Module 2 — Page 6 of 13

Dual Roles and Workplace Supervision

When Roles Overlap

In many professional contexts — particularly within Family Dispute Resolution, counselling, and community services — supervisors and supervisees often share multiple professional relationships.

A supervisor may also be:

These dual (or multiple) relationships are not inherently problematic, but they require careful awareness, transparency, and ethical management. Without clarity, boundaries can blur and supervision can lose its sense of safety and purpose.

Key Insight:
The strength of a supervision relationship lies not in avoiding dual roles, which in a practical sense may be impossible, but in managing them ethically and reflectively.

The Ethical Risks of Dual Roles

Dual roles can introduce power imbalances, confidentiality dilemmas, or conflicts of interest that impact the supervisee’s sense of safety and openness.

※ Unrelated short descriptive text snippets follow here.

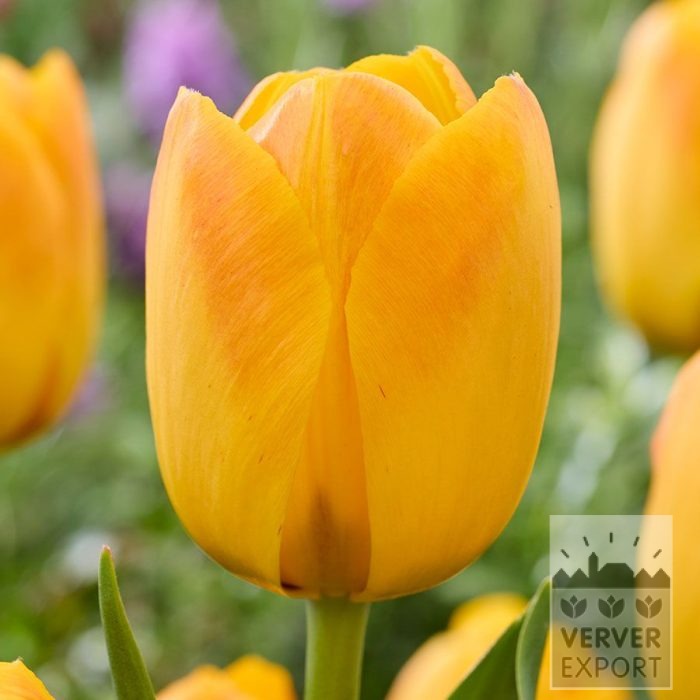Tulips 'Chongming Love' (12865)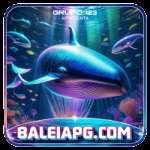 baleiapg Mega v3.5.5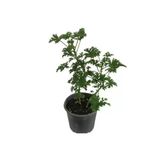Saksılı Itır Çiçeği Fidanı Küçük Boy 10-20 Cm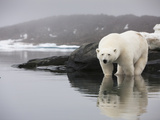 Polar Bear Standing in Shallow Water Along Coast of Malmgren Island  Svalbard  Norway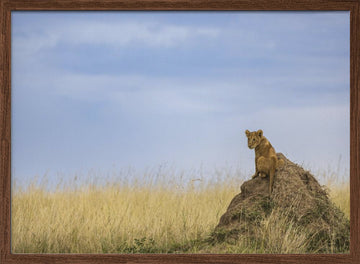 Curious Lion Cub Savanna | Poster - Walnut Frame Interior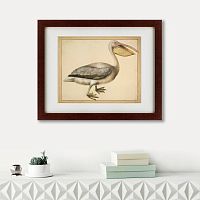 картина: a european pelican, 1635г. в Благовещенске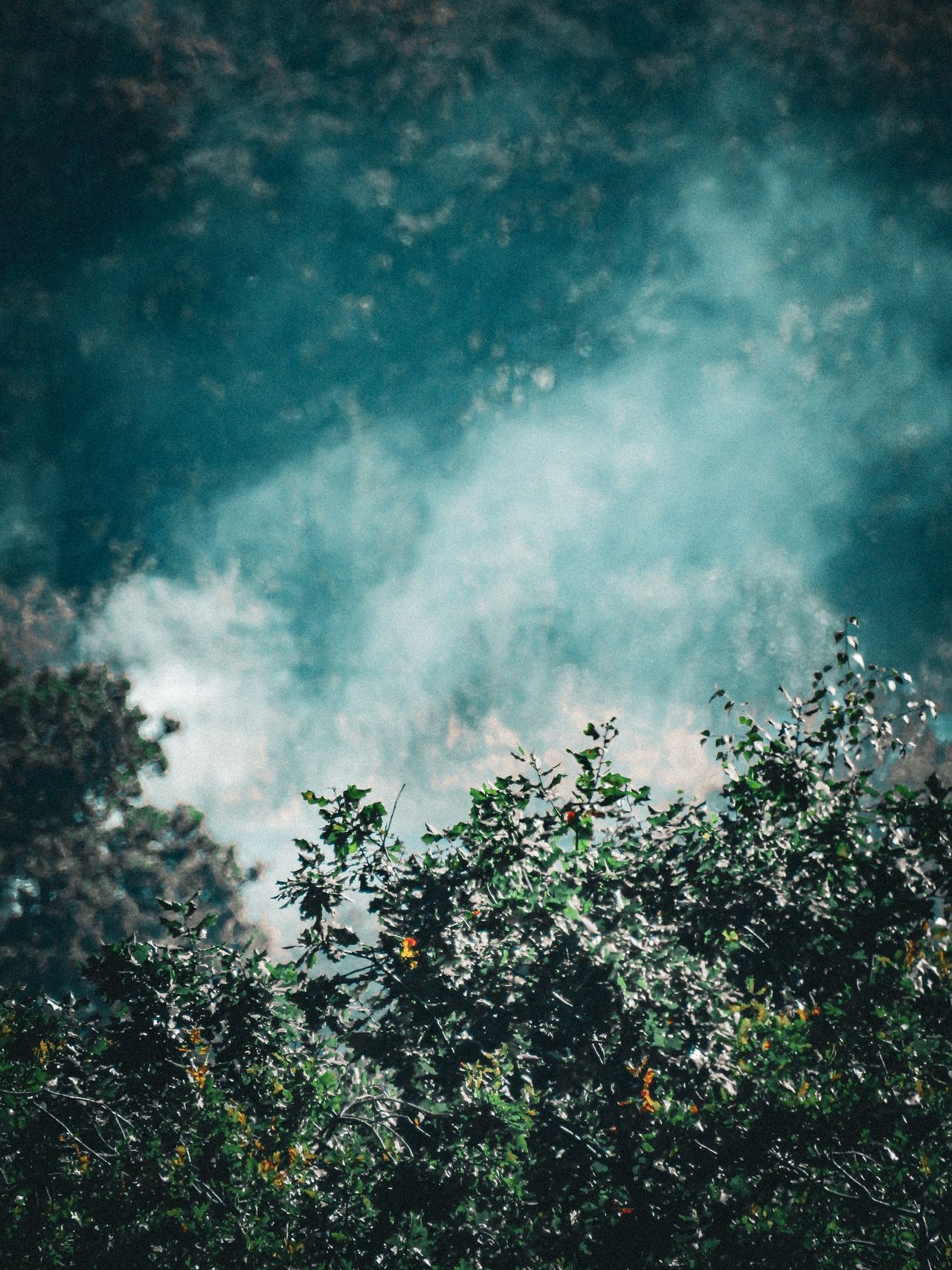 EV Cabin Air Filtration: Does It Actually Help During Smoke Season?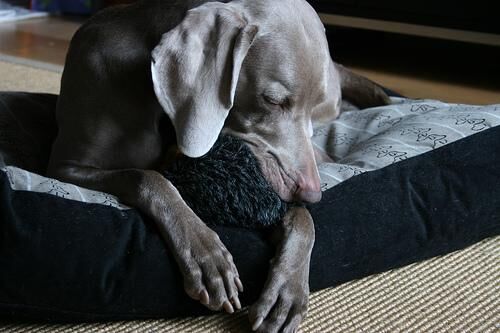 Weimaraner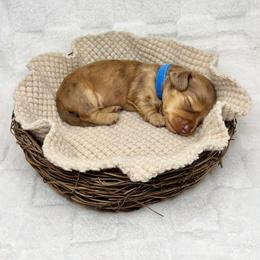 Dachshund Puppies from Redland Dachshund Grove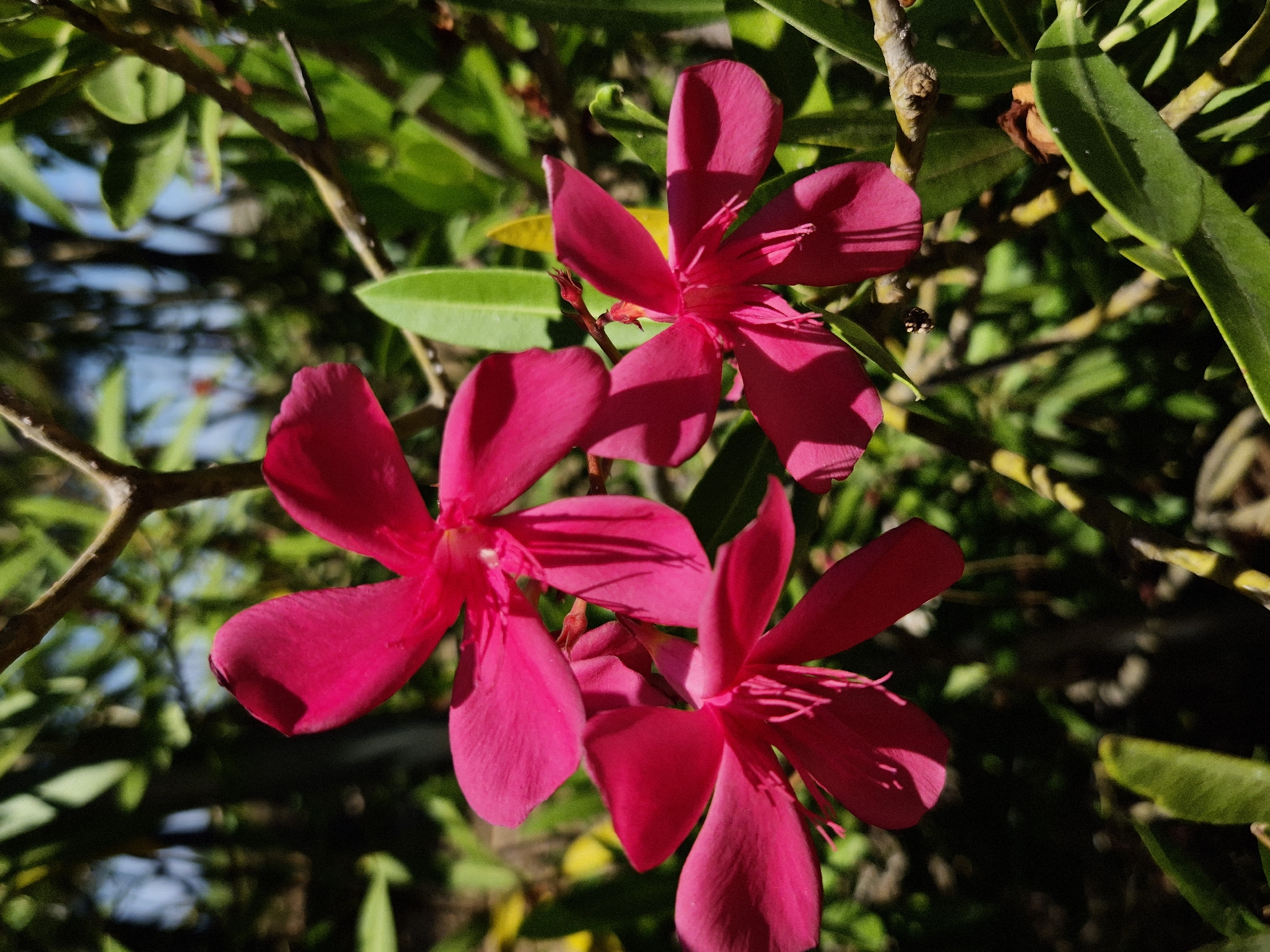 Three bright pink Oleander flowers are in full bloom, facing the viewer. The flowers are arranged in a cluster, with two flowers in the foreground and one slightly behind and above. The petals are delicate and slightly curled, with a star-like shape. The center of each flower reveals thin, pink stamens. The background is a blur of green foliage and branches, suggesting an outdoor setting in a garden or park. Sunlight dapples through the leaves, creating highlights and shadows on the petals. The overall impression is one of natural beauty and vibrant color. It's not possible to determine the exact location within Taranto, Italy from this image alone.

Potential Challenge Example Ethical Risk
Power and Evaluation The supervisor is also the supervisee’s line manager. The supervisee may withhold reflective material for fear of performance consequences.
Role Confusion The supervisor alternates between mediator, trainer, and manager. Boundaries become unclear; supervisee uncertain about expectations.
Confidentiality Conflict The organisation expects reports from supervision. Supervisee is unsure what can be safely discussed.
Emotional Overlap The supervisor and supervisee share casework or co-mediation roles. The reflective space becomes entangled with operational decisions.

Understanding and naming these tensions openly at the start of supervision helps to protect the integrity of the process.


Using the Supervision Agreement to Manage Dual Roles

The Supervision Agreement becomes the key ethical tool for navigating dual roles. It should explicitly identify and address any overlapping responsibilities or potential conflicts.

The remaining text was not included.